How do you redesign a national retailer's digital experience without losing the thing that made it a national retailer?
Executive summary
Roots is one of Canada's most recognizable retail brands. Its digital experience had accumulated years of additions and inconsistencies. I led a complete audit and design overhaul as their strategy and UX partner, embedded onsite with their core team. The work covered personas, information architecture, digital strategic journeys, and end-to-end user flows, delivered through agile sprints from low to high fidelity.
The redesign produced measurable improvements in new customer acquisition and employee retention, and gave the in-house team a working IA and component model to extend.
The problem.
A retailer of Roots' age operates two simultaneous truths. Customers come for a brand they trust. Operationally, the digital experience had grown by layers of point fixes, each justified at the time, none audited as a whole. The result was navigation hierarchies that competed with each other and frontline staff working from different sources of truth than the customers they served.
The redesign couldn't be a re-skin. It had to be an IA decision, a content decision, and a staff-experience decision, all at once.
My role.
Strategy and UX lead, embedded onsite with the Roots in-house team.
- Ran discovery on the ground.
Stakeholder discovery sessions, customer surveys with existing shoppers, and in-store employee interviews at five locations to ground the strategy in behaviour rather than analytics.
- Co-designed strategic journeys.
Onsite working sessions with the team to map the customer experience across in-store and online touchpoints, prioritizing rapid prototyping over polished deliverables.
- Streamlined the IA.
Card sorting with stakeholders, data-led synthesis, and a streamlined information architecture that resolved years of accumulated category overlap.
- Drove the build, end to end.
Weekly checkpoints with engineering, low-to-high fidelity wireframes, animations, and full UX and QA on the live build.
Unique challenges.
- Brand gravity.
Roots is a brand customers feel before they see. Any redesign had to honour that emotional anchor while still removing real friction.

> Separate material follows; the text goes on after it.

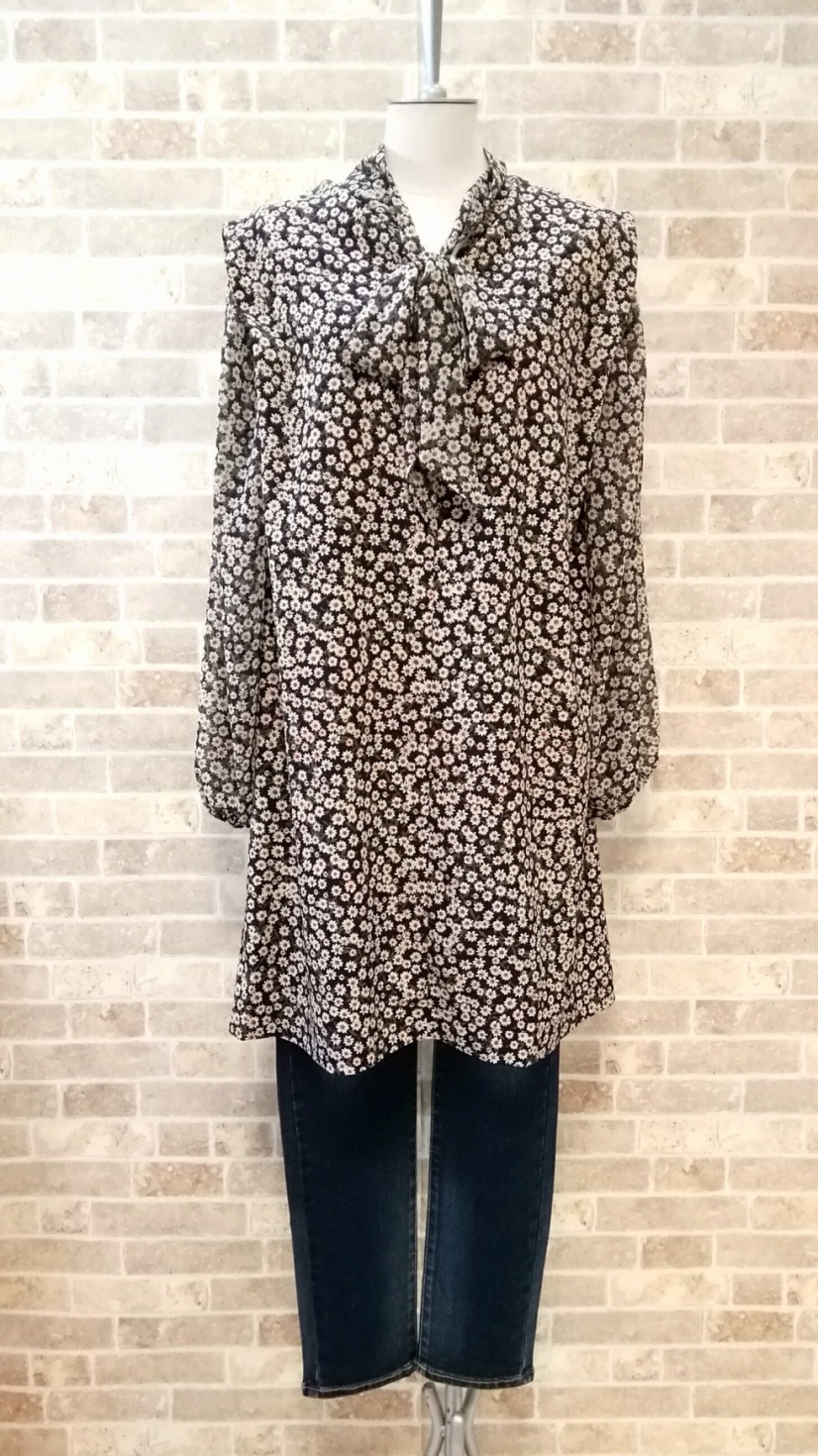 春先にぴったりSUGARROSE.ブラウス🌼×C.C.CROSS.デニムが入荷しました♡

- Two channels, one experience.
The in-store experience is the brand's strongest surface. Online had to feel like the same place, not a separate company that happened to share a logo.
- Pace.
Agile sprints meant the IA could not be perfect before design started. We iterated the IA and the screens together, with the in-house team in the room.
My process, highlights and takeaways.
- Onsite was the unlock.
Sitting inside the building compressed the design feedback loop to hours. The standing weekly checkpoint with engineering kept the build honest to the design intent.
- Employees as a first-class user.
The store staff were the bridge between the brand and the customer, and the digital tools they relied on shaped what the customer ultimately experienced.
- Journeys, then features.
Each user flow was developed in sync with the feature it served, never in advance of a real decision point. Flows that lacked an associated feature didn't survive the cut.
- Wireframes as the conversation.
Quick, iterable wireframes were the medium for stakeholder feedback. Polished mockups came after agreement, not as a way to chase it.
Selected artifacts.
Final thoughts.
What worked well. Sitting inside the building meant decisions happened in hours, not weeks. Co-designing journeys with stakeholders in the room built genuine ownership of the IA and removed the usual handoff loss between research and design.
What I would change. I would have invested earlier in a shared design system between the marketing site and the employee-facing tools. We treated them as separate streams longer than we should have, and a common component model would have shortened the back end of the project.